Honorary Brandon Hardway Drive pays homage to beloved former Pour Bros. manager

Brandon and Erin Hardway were married on Nov. 11, 2023, at The Venue CU in Champaign. Three months later, Brandon was shot and killed.

 

This story is part of Illinois Student Newsroom’s series: Champaign’s Honorary Streets: the Stories Behind the Signs.

CHAMPAIGN – Brandon Hardway, a beloved community member and manager of Pour Bros. Taproom, was fatally shot on February 8, 2024. Last August, the segment of North Chestnut Street in downtown Champaign was designated Brandon Hardway Drive.

Brandon’s widow, Erin Hardway, said she pursued the honorary street designation through the city of Champaign to keep her husband’s memory alive and highlight the differences he made in the community. 

She said she wanted the honorary street to be as close to Pour Bros. as possible and settled on North Chestnut Street because the street in front of the bar had already been designated as Honorary Chris Decker Drive in memory of Brandon’s friend Chris Decker, who died in April 2025. 

“I get really emotional thinking about it,” she said. “Not because I’m sad, I just really miss him. I have his gravesite and I have his ashes, but it’s just another place where I can feel close to him and feel like he’s there with me.”

Courtesy of Erin Hardway Brandon and Erin spent their honeymoon on the Hawaiian island of Kauai.
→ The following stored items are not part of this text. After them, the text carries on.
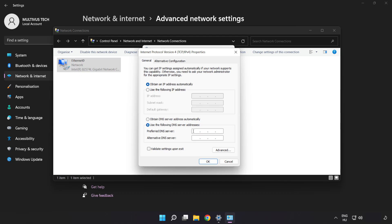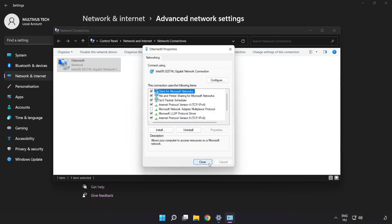Type 8.8.8.8. Type 8.8.4.4. Click OK. Click Close.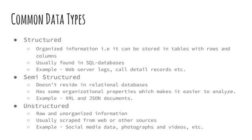Structured data is data which can be stored in SQL databases, i.e., tables with rows and columns. They have relational keys and can be easily mapped into pre-designed fields. Structured data can be easily organized. This data is clean and very easy to perform analysis on, but it is estimated that it accounts for only 20% of the data available. Some examples of it are web server logs, call detail records, etc.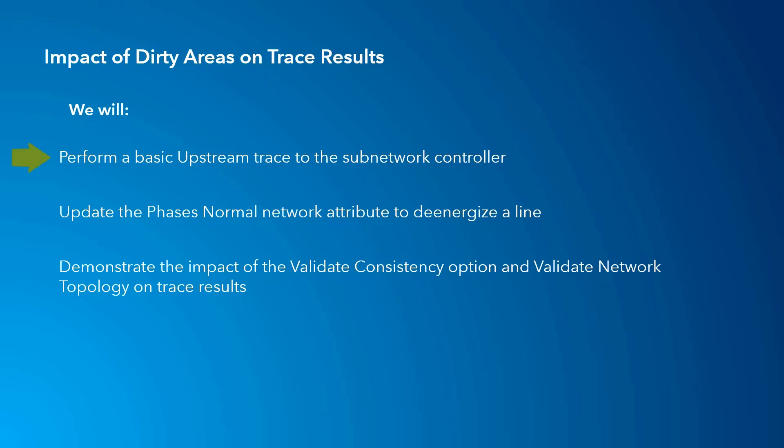We will be performing an upstream trace to the subnetwork controller to display expected behavior when no dirty areas or barriers exist.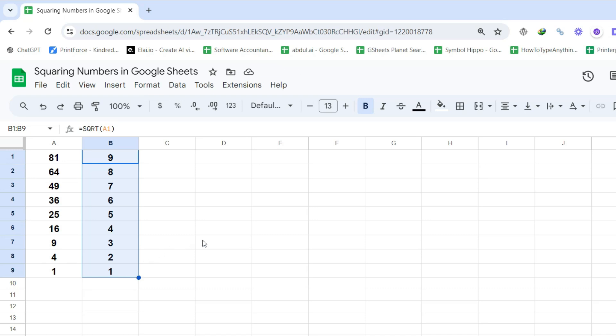Three solid methods with step-by-step guide on squaring numbers in Google Sheets. Each method has its unique advantages, so choose the one that fits your workflow best. Thanks for watching.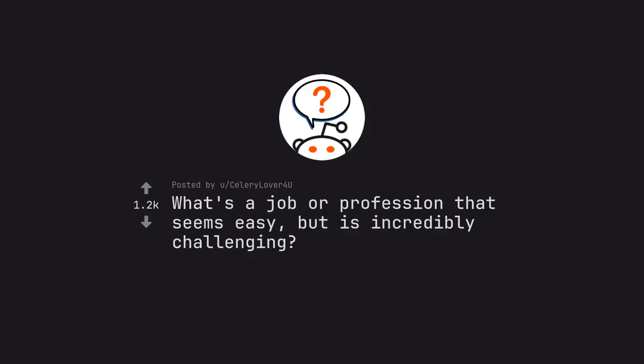Ask credit by Celery Lover for you. What's a job or profession that seems easy, but is incredibly challenging?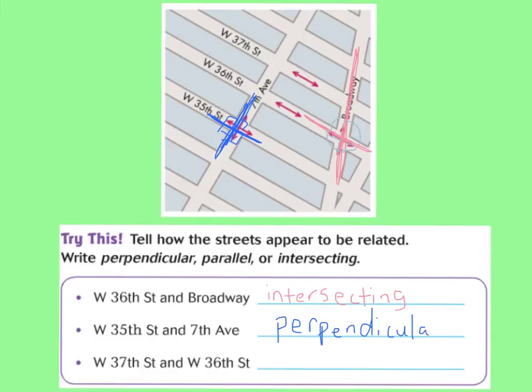For the last one, West 37th Street and West 36th Street: those streets will never cross because they are the same distance from one another. So you should have said those streets are parallel.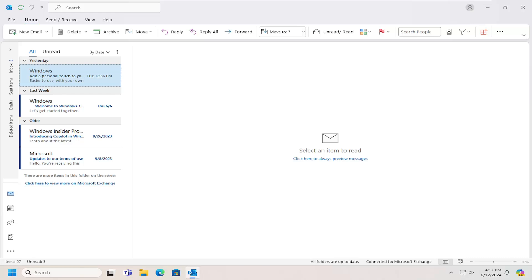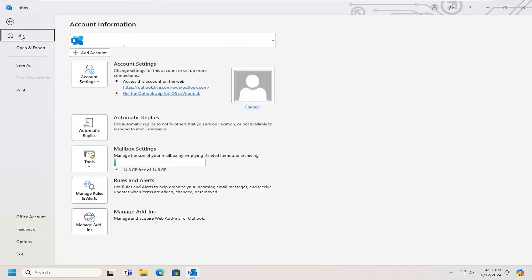And without further ado, let's go ahead and jump right into it. All you have to do is select the File tab and then go down and select Options.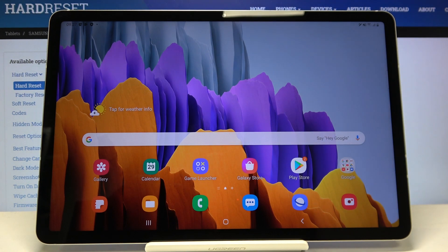Hi everyone! Here we've got Samsung Galaxy Tab S7 and let me show you how to change wallpaper on this device.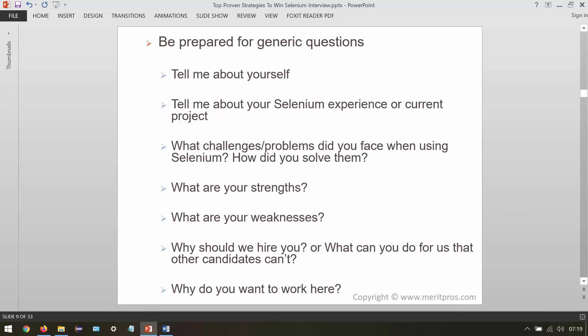Generic questions include: tell me about yourself, tell me about your Selenium experience or current project, what challenges or problems did you face when using Selenium and how did you solve them, what are your strengths, and what are your weaknesses. For weaknesses, be careful — mention one or two, then explain that you have worked on and improved them. Also expect: why should we hire you, what can you do that other candidates can't, and why do you want to work here.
Born and raised in Champaign, Brandon became the face of Pour Bros. “Everybody knew Brandon when you walked in because he was such an outgoing person,” she said. “Pour Bros. and Brandon just went together; if you thought of one, you thought of the other.”
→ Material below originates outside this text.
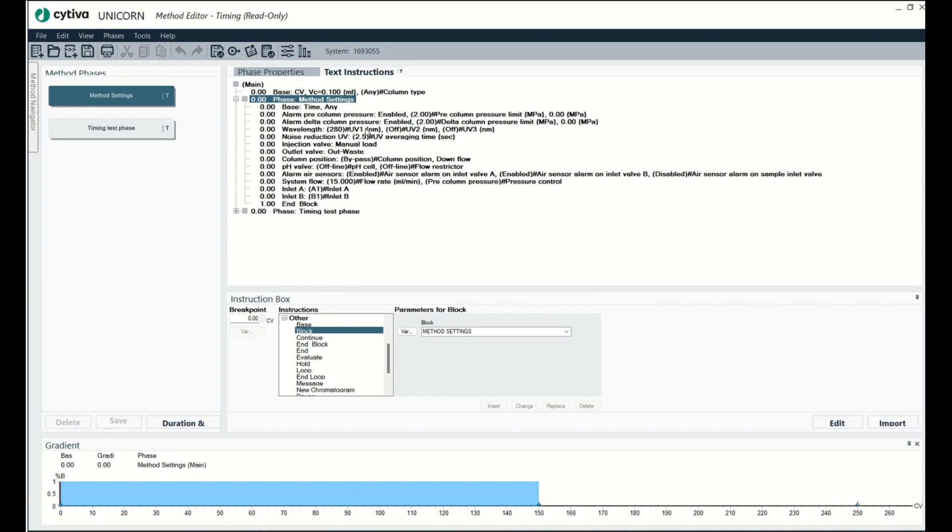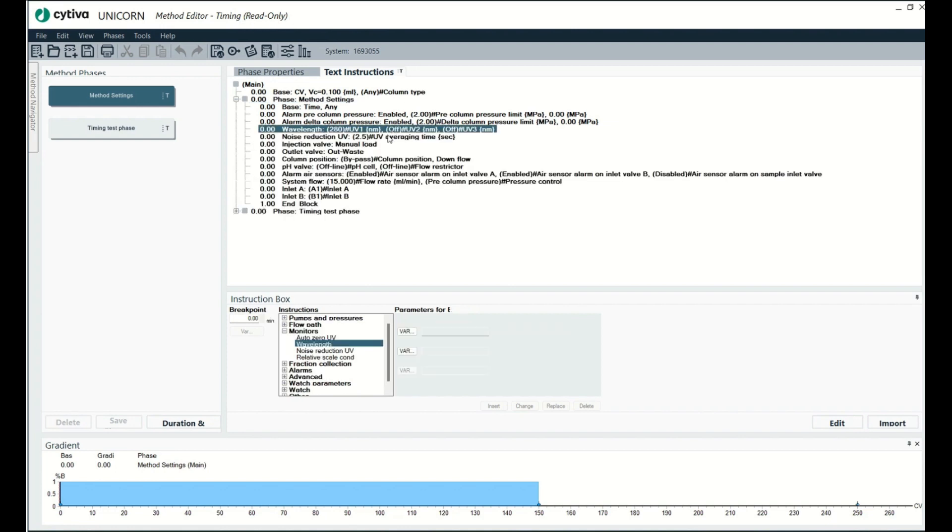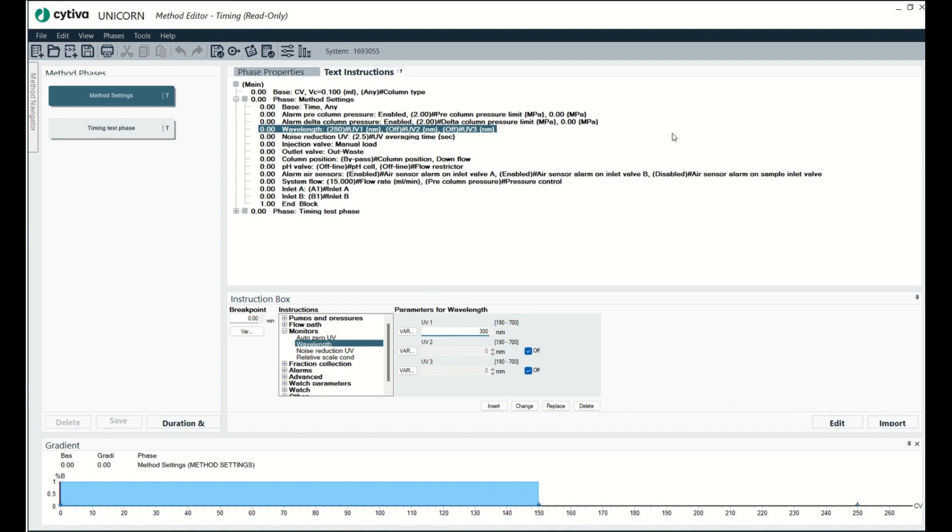So now this file is locked. I can't ever change it again as long as it has this name right here, timing. So you can see it says read only right here. If I want to go to 280 right here, what I'm doing is proving to you that you can't really change it. So I'm going to go to 300. I'll hit change, right? But if I hit change right there, nothing really happens. I still have the star, which means I need to save it.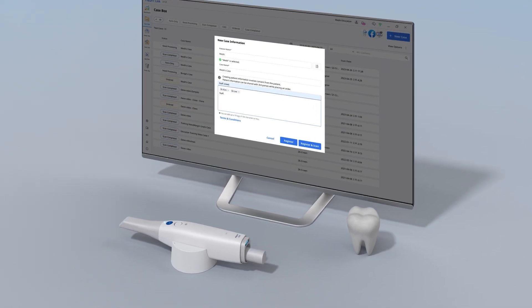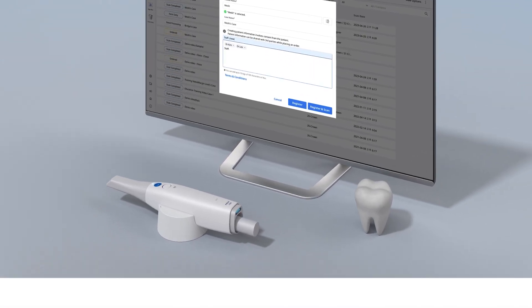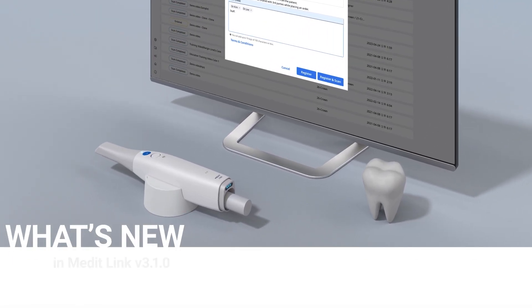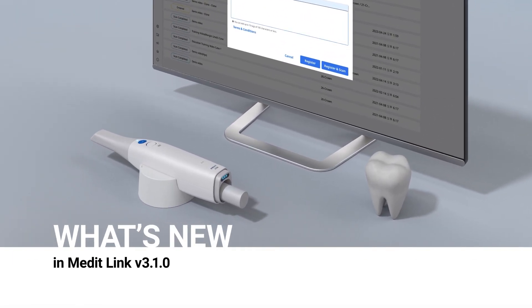This was a brief overview of what's new in MeditLink version 3.1. Update your MeditLink now and see the release notes for more details.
Brandon’s generosity extended beyond the patrons of Pour Bros.

One of Brandon’s close friends, Kevin Richards, said he met Brandon after moving to Champaign in 2018. They bonded over their mutual love of baseball. Richards was with Brandon when he was shot.

Richards said Brandon was the first person he told when he and his wife began the process of divorcing after ten years of marriage. Richards said he had nowhere to go and was depressed, and that Brandon took him in, saving his life.
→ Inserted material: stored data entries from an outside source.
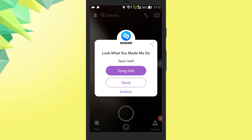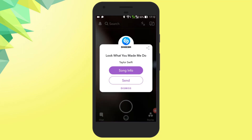Now to send this song to your Snapchat friends, you can hit the send button. That's it friends, this is how you can use Shazam inside Snapchat.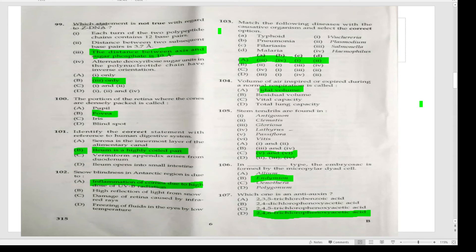In the dash type of embryo sac, it is formed by the micropylar dyad cell — Answer B.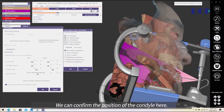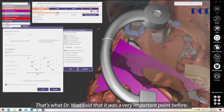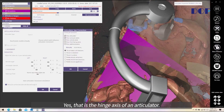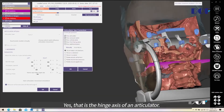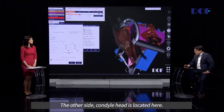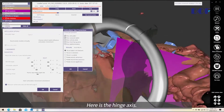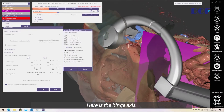We can confirm the position of the condyle here — that is why Dr. Wu said it was a very important point before. This is the hinge axis of the articulator, and on the other side, the condyle head is located. Here is the hinge axis.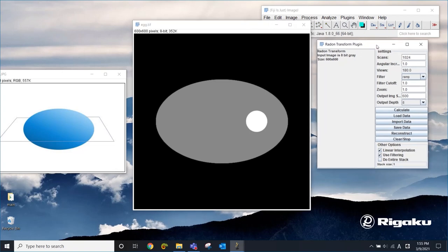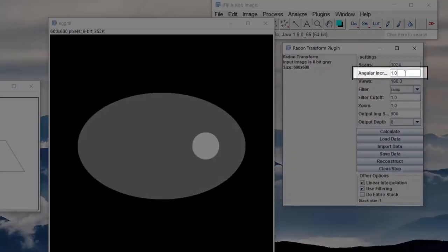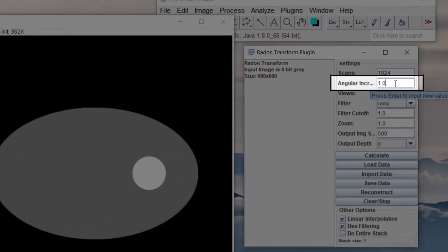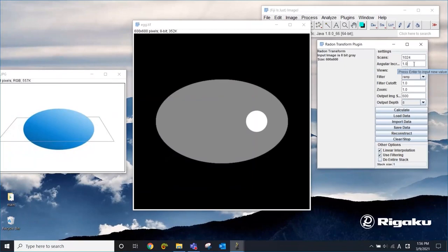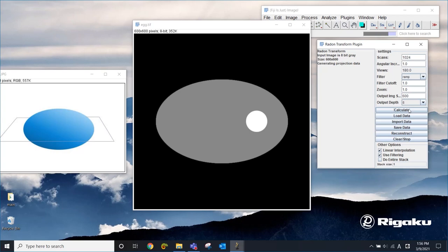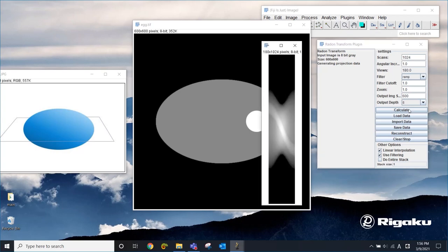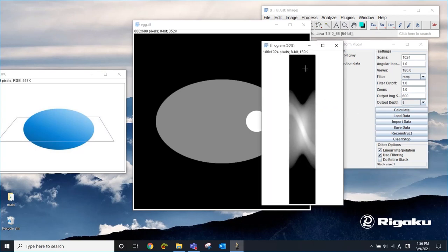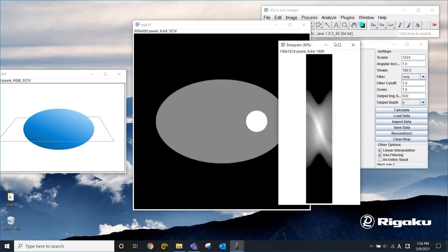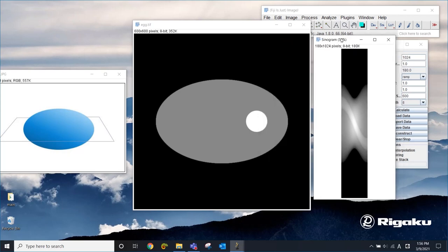There are many parameters but we're going to just look at this one, the angular increment. You can see this as the step size of the CT scan. I'm going to leave this as one for now and click calculate and it's going to calculate a set of projections from zero to 180 degrees. So we have 180 projections here. This is what sometimes people call a sinogram.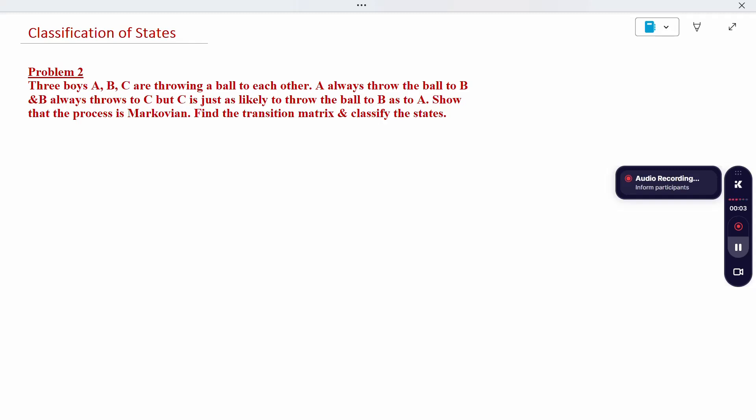Hi all, today's topic is classification of the state. In this, the transition probability is not given — only the theory statement is given. We have to write the transition probability and then classify the state. Classify or nature — both are the same.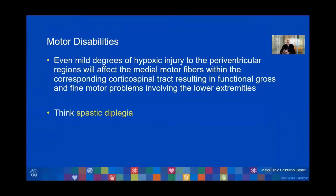Even mild degrees of hypoxic injury to the periventricular regions will affect the medial motor fibers within the corresponding corticospinal tracts, resulting in functional gross and fine motor problems involving the lower extremities. When this occurs, the injury that you would predict would be spastic diplegia.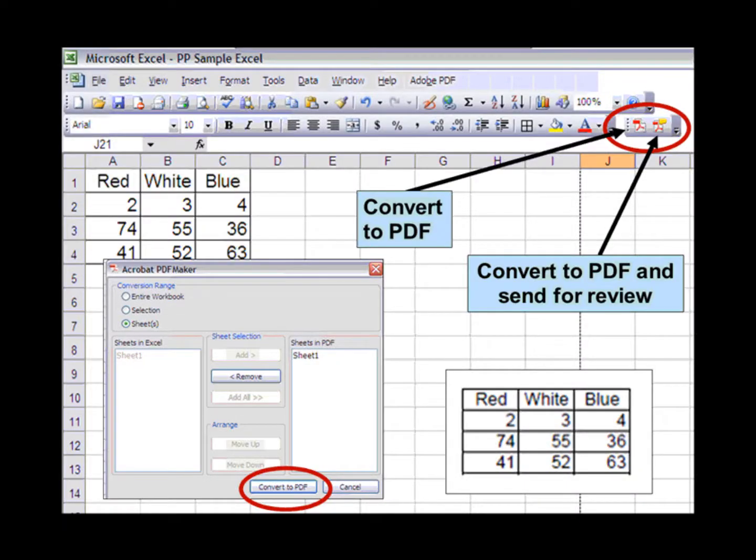I have an Excel spreadsheet that has already been scanned in as a PDF. How can I get that back into Excel?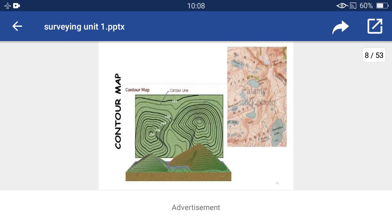This is the contour map. Contour maps are used for determination of the capacity of a reservoir and also in the construction of highways and railways. The inner contour having a higher value than the outer contour represents a hill, while if the inner contour has a lower value than the outer contour, it represents a valley.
Richards wrote one of the letters in support of the honorary street name designation. “Brandon was just this ray of light that could just change the way your day went and could make you feel better about yourself and about being alive,” he said.

The man who was charged with shooting Brandon was committed to a state mental health facility after pleading not guilty to homicide on grounds of insanity. In both Erin’s and Richard’s letters to the city, they discussed the need for gun safety and mental health care. 

“Since his shooting and his death, I have been a big advocate for gun safety and for mental health,” Erin said. “In a small way, I hope that it can remind people that Brandon’s death could have been prevented if the owner of the gun had locked the gun away and gotten quality mental health care.”

For his celebration of life, Erin began a “Love Like Brandon” campaign. She made bracelets with that message and gave them out to community members.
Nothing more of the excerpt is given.